__Required action__.
Using the data below, output a verbatim copy of the lines between the one holding "The Plaosan temple" and the one holding "55 Merrick Way, Unit", inclusive, without any pictures.

__The data__.
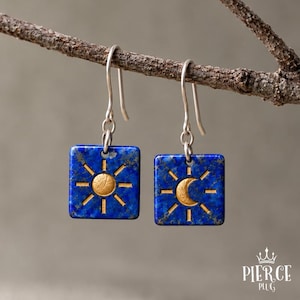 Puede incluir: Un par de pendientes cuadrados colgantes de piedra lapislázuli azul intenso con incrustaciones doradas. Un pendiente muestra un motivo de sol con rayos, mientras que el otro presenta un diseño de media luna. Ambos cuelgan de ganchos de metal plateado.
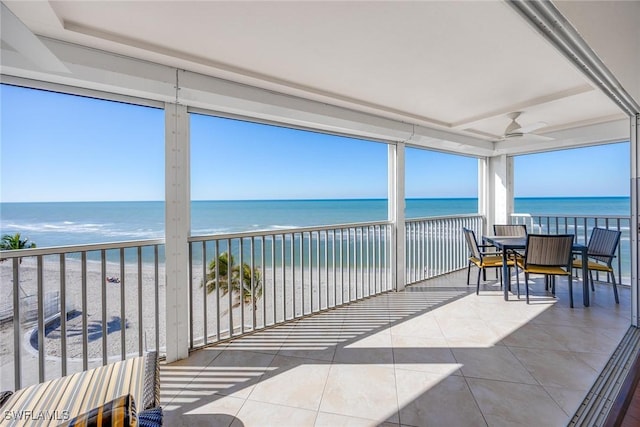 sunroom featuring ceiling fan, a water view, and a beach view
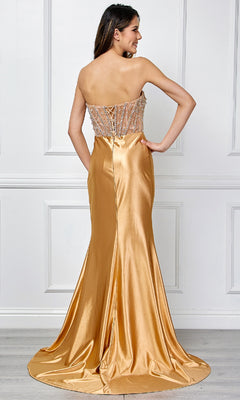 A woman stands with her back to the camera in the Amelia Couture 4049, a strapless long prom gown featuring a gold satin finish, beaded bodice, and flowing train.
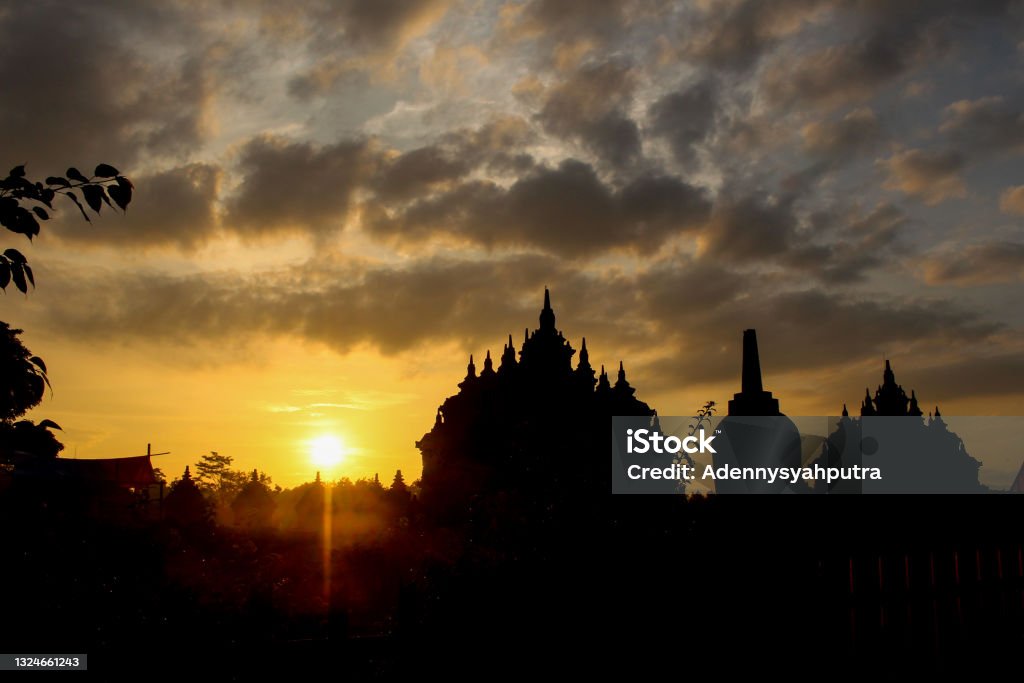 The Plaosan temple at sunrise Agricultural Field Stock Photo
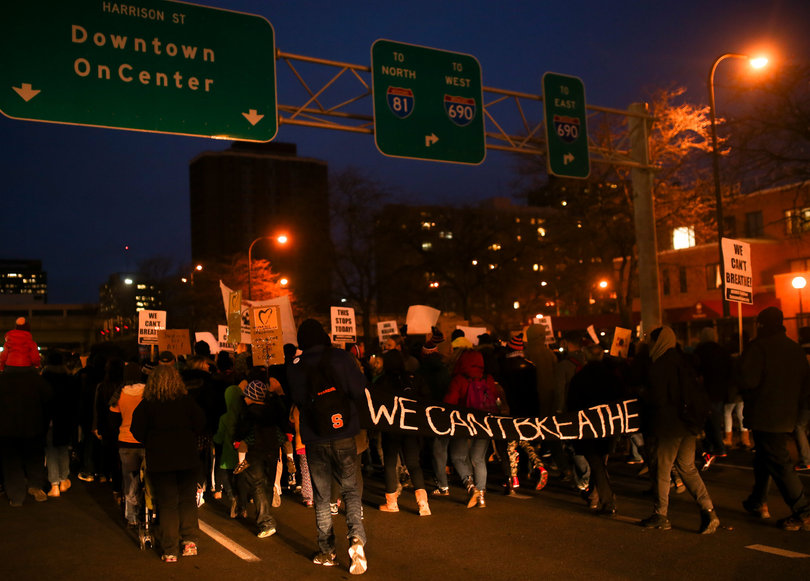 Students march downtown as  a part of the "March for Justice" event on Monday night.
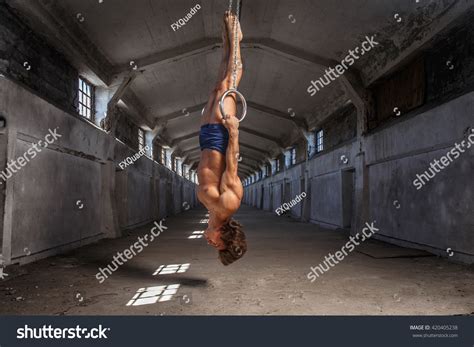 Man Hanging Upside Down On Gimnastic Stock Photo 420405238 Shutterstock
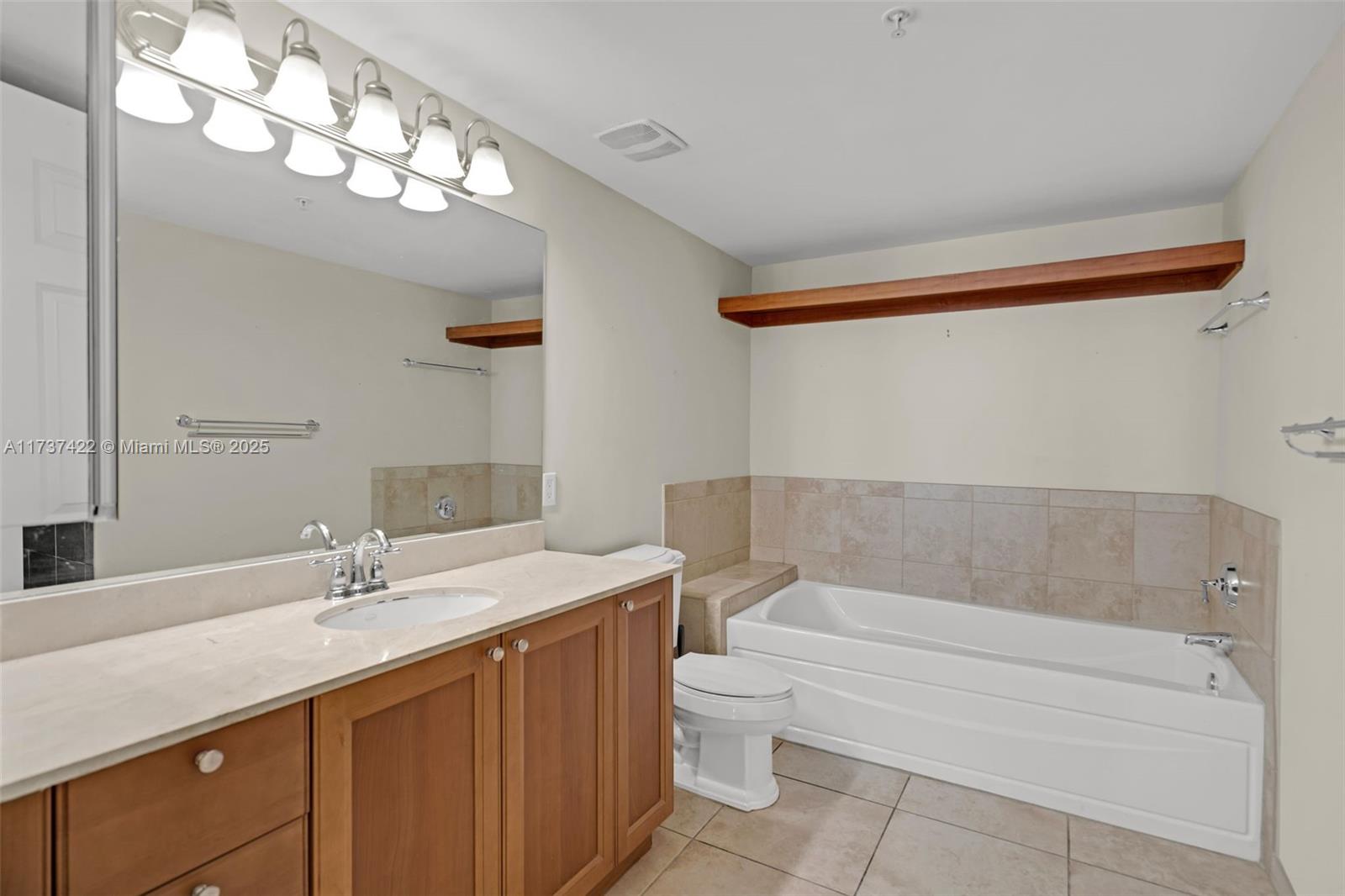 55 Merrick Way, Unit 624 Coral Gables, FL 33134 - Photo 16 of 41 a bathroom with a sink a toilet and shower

* * *

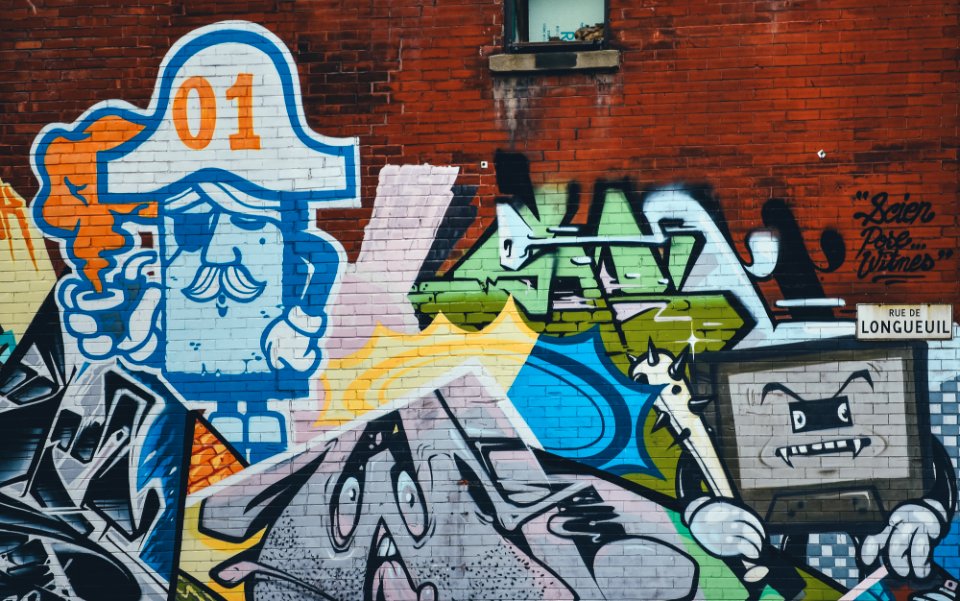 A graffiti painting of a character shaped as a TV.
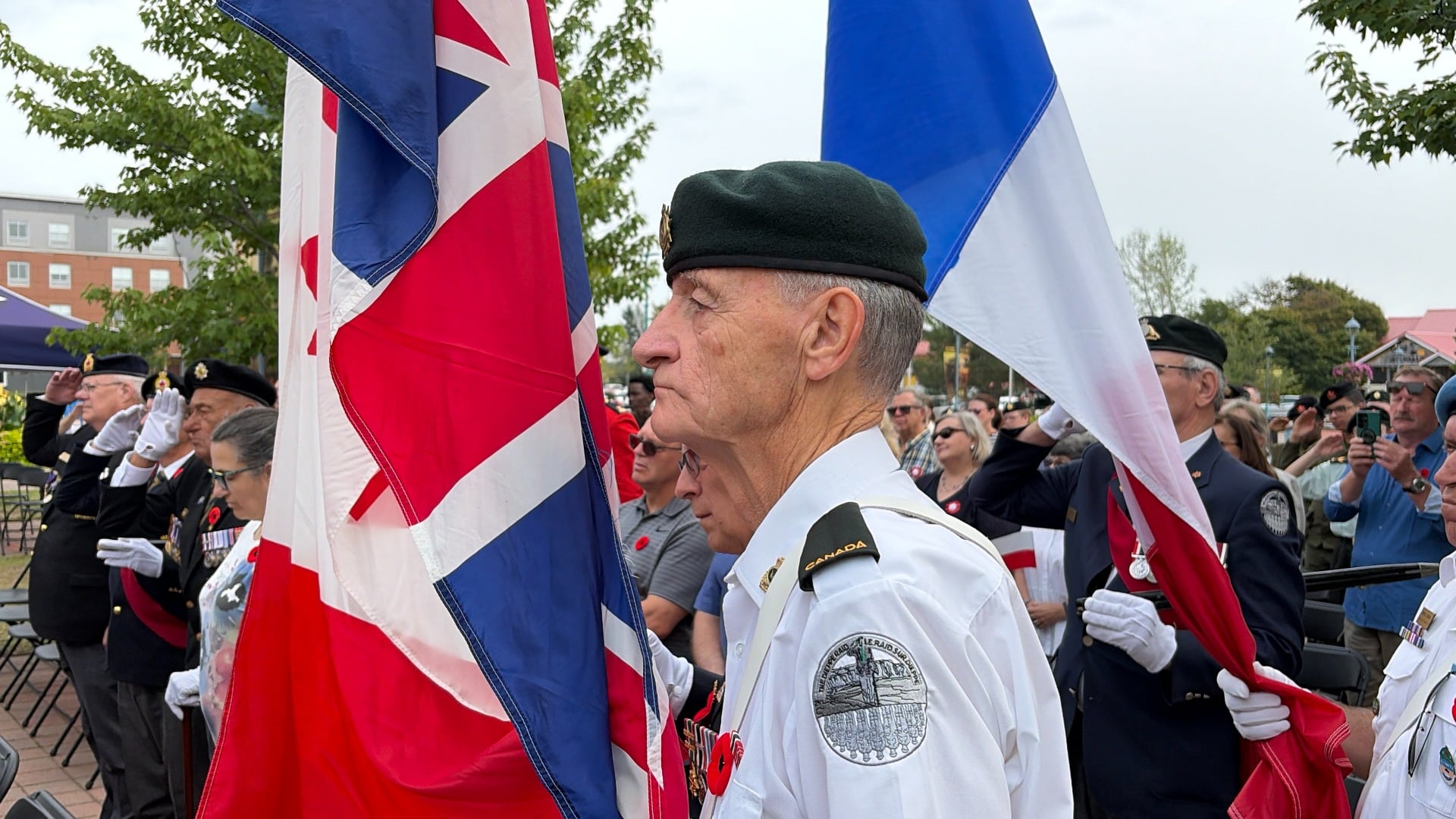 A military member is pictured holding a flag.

__Result below__.
 The Plaosan temple at sunrise Agricultural Field Stock Photo
 Students march downtown as  a part of the "March for Justice" event on Monday night.
 Man Hanging Upside Down On Gimnastic Stock Photo 420405238 Shutterstock
 55 Merrick Way, Unit 624 Coral Gables, FL 33134 - Photo 16 of 41 a bathroom with a sink a toilet and shower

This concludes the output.